Я тихонько, осторожно подавил вздох и глянул: серые глаза Основы ласково глядят на меня.
— Вот вы, — говорит он, — у вас эта ночь... Я тоже... вот такая же ночь, когда фабрику-то подымал. Темно. Мальчишки у меня адъютантами были, везде шныряют, бегают, все разузнают и докладывают мне. Вот прибежали, говорят, собрались рабочие возле сгоревшей столовой, а против них солдаты. Говорят, колоть зараз будут. Я — туда. Грома-адная толпа рабочих, против — рота. Рабочие возбуждены, кричат, по лицам бегает пламя, пожар догорает. Вдруг рота двинулась, ружья наперевес. Я кинулся, как зареву: «Как!.. братьев?.. кровь!..» После говорили — оглушил всех, а я не помнил себя. Солдат мне в грудь штыком.
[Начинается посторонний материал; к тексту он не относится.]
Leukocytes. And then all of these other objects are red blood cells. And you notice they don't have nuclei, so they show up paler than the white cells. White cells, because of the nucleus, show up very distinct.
Я схватился, вырвал — о камни приклад вдребезги. Должно быть, ошарашило, солдаты остановились, глядят, рабочие тоже. А я их назад осаживаю, — расходись, товарищи... Так постепенно разошлись, и меня не успели схватить.
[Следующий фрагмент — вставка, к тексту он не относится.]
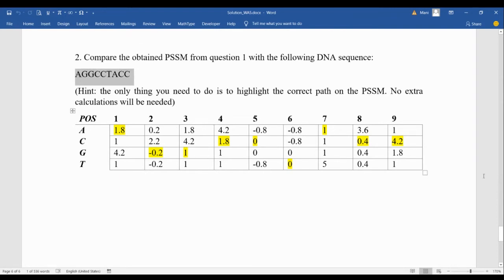Later we will talk about protein structures and possibly include that in the final exam — having a PSSM and describing the protein structure based on it. For the midterm, highlighting the path is enough. We will discuss the profile HMM assignment on Wednesday since that example is very important to practice before the midterm. If you have any questions, please let me know — otherwise I'll see you on Wednesday.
Мы смотрим на него, — небольшого роста, обыкновенное рябое рабочее лицо, и в этой полутемной комнатке он растет, массивный, широкий, и мы смотрим на него снизу.
— А как пришел домой, стал раздеваться...
Это голос Варвары из темноты. Она улыбается — а она редко улыбается.
— ...Стал раздеваться. «Что-то, говорит, рубаха у меня как кол...» Снял, а она вся в крове, уж и высохла. Штык-то пробил полушубок, кафтан, жилет, пуговицу расколол, а он и не слыхал.
Аня смотрит на него блестящими глазами, потом ко мне:
— Вот бы описали.
Потом, как будто не в связи, начинает сама рассказывать о своей жизни дома, в семье. Потом Француз, — о том, как вылетел из института.
Эта полутемная комнатка с освещенным из-под абажура столом в этот странный вечер полна тихо встающих ласковых воспоминаний. Варвара — она никогда не вступает в наши разговоры — рассказывает, как была в девках, встретилась с Основой, вышла замуж, вместе работали.